The kernel maps these 2MB physical chunks with 2MB large pages. Therefore,
randomness is enforced at both the virtual and physical levels, and the
resulting entropy is higher than that of our current implementaion until
now.

The padding around the section is filled by the prekern. Not to consume
too much memory, the sections that are smaller than PAGE_SIZE are mapped
with normal pages - because there is no point in optimizing them.

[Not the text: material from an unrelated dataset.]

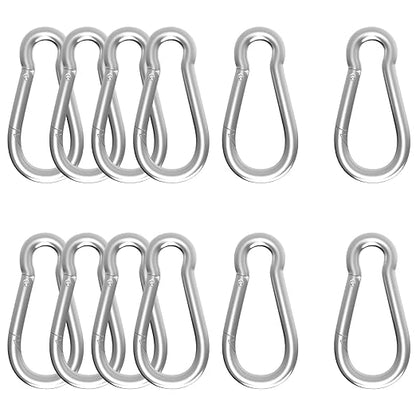 Carabiner, Heavy Duty Galvanized Steel Spring Snap Hook Carabiner Clips by High-PQ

In these
normal pages, the same shift is applied.

This change has two additional advantages: (a) the cache attacks based on
the TLB are mostly mitigated, because even if you are able to determine
that a given page-aligned range is mapped as executable you don't know
where exactly within that range the section actually begins, and (b) given
that we are slightly randomizing the physical layout we are making some
rare physical attacks more difficult to conduct.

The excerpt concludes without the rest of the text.